Jane Marshall reports on the first changes to the primary curriculum for a decade. For the first time in 10 years France's primary curriculum is being reformed. The changes, which take effect from September, give priority to reading and writing, lighten the maths programme and modify history, geography and civic instruction.
Schools may also choose to start teaching a foreign language to seven-year-olds, in anticipation of a general introduction of languages from 1996.
Launching the plans, which include nursery schools, Francois Bayrou, the education minister, recognised that the perceptions of young children were "naturally concrete" rather than abstract, and the curriculum has been revised with this in mind.
History is to become more personalised and vivid; older pupils will learn about 20 French historic dates through faces and events such as Clovis, the Lascaux cave paintings, Joan of Arc, General de Gaulle and the fall of the Berlin Wall.
The last revision of the primary curriculum was in 1985 under Jean-Pierre Chev nement, the socialist education minister. In 1989 Lionel Jospin - now the socialists' candidate for the forthcoming presidential election - organised nursery and elementary education into three cycles, each of two or three years, designed to make the early years of schooling more child-centred and flexible to suit individual pupils' needs.
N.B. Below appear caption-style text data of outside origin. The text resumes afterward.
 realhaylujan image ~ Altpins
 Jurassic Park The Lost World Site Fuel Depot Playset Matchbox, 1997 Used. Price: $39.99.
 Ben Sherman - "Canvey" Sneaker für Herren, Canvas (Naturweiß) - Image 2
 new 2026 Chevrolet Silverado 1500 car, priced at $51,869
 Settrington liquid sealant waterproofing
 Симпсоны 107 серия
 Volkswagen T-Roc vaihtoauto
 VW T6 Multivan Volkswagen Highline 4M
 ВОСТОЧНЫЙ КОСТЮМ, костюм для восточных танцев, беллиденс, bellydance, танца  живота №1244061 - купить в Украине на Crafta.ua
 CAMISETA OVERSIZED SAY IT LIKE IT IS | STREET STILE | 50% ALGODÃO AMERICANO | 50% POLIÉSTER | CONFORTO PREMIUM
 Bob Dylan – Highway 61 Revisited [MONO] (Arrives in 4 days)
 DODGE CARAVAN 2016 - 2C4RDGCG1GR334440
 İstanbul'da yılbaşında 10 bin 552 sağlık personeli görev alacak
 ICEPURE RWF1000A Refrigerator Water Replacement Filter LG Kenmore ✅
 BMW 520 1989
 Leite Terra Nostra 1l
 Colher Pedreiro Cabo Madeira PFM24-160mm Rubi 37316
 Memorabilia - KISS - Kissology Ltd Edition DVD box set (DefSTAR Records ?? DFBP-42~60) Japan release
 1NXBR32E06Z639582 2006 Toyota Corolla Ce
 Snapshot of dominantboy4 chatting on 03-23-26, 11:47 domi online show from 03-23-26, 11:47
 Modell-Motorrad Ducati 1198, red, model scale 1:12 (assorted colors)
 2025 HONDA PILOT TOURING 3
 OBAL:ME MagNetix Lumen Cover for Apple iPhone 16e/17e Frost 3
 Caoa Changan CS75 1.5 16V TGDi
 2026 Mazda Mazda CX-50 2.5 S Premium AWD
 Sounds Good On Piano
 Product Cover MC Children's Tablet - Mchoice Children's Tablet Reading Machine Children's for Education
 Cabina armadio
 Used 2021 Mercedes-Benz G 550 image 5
M Bayrou has made basic mastery of French, both written and spoken, his priority. He has stressed careful presentation of work in exercise books as an aid to learning - "order on the page corresponds to order in the head" - while computer and word-processing skills are only briefly touched upon.
The first two years of maths will be simplified and lightened; "discovery" (rather than M Chev nement's "acquisition") of division will be postponed for a year, and by the end of the second year (age seven to eight) pupils will only be expected to have mastered addition and to have started subtraction and multiplication.
Despite teachers' protests over lack of time for preparation, second-year primary pupils will have the option of studying a foreign language for 10 or 15 minutes a day. However, the initiative, promised by the minister last year in his "new contract for schools" programme, is to remain voluntary until 1996.
The civic instruction course will be trimmed, and centred around major republican principles which stress respect for others and citizens' duties.
In keeping with the spirit of social responsibility, booklets giving details about the new curriculum will be made widely available to parents.